On Nov 6, 2015, at 12:04 PM, Brian Julin <BJulin@clarku.edu> wrote:
I don't know whether to rely on this behavior, because it seems a bit convoluted.
The complexity is because of the protocols. The only way to make it simpler is to prevent people from doing things at certain stages of authentication. Which is a bad idea.
In a server configured to proxy inner tunnel requests the requests flow as expected between the outer server and the client until PEAP starts unwrapping.
Then the packet flow seems to be this:
1) normal client -> (outer-eap) -> outer server -> peap -> 2) proxy-inner-tunnel server autz (sets Proxy-To-Realm) 3) proxy-inner-tunnel server ("sends reply" back to outer) 4) either outer pre-proxy section or pre-proxy from a realm virtual_server directive 5) request actually sent to external inner 6) either outer post-proxy section or post-proxy from a realm virtual_server directive 7) outer post-auth
Pretty much.
proxy-inner-tunnel's post-auth never gets run,
In v3 it should be run.
and its pre-proxy/post-proxy will not get run unless you use a realm "virtual_server" directive to force it.
Yes.
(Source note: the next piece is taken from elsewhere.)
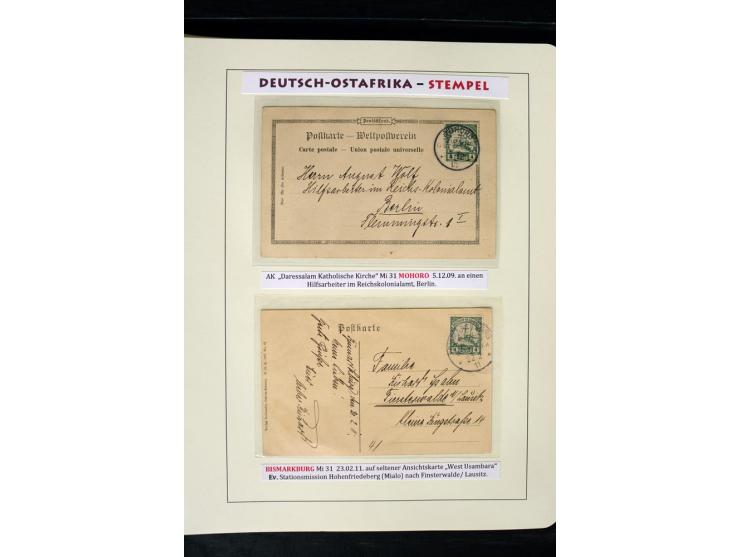 1891/1914, Stempelsammlung von Amani bis Wuguri inkl. Bahn- und Schiffstpost auf ca. 40 losen Marken, 120 Briefstücken und üb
That's because it was just simpler to set it up that way. Patches are welcome. :) We're working on simplifying and re-designing the server core for 3.1 / 3.2. That will make all of this work by design. The current system was cobbled together over time, and is less than perfect.
If this is set up naively without an "eap" in outer's post-proxy section and with no realm virtual_server directive, the administrator will find inner tunnel replies being sent directly to the client.
That shouldn't happen. I'll see if I can fix that. Probably in 3.1 instead of 3.0. But... the default configuration is there for a reason. Changing things is often a bad idea.
If you do provide a post-proxy in the outer server or a realm virtual_server directive, everything ends up "working" minus not running some sections of the proxy-inner-tunnel server.
Because you're supposed to list "eap" in the post-proxy section of the outer server. It's all there for a reason. It could be better, of course.
If that's the way it is supposed to work, as long as I can get my session-state handling straight, I'm happy to do it that way, but it looked odd so I didn't want to rely on it without asking.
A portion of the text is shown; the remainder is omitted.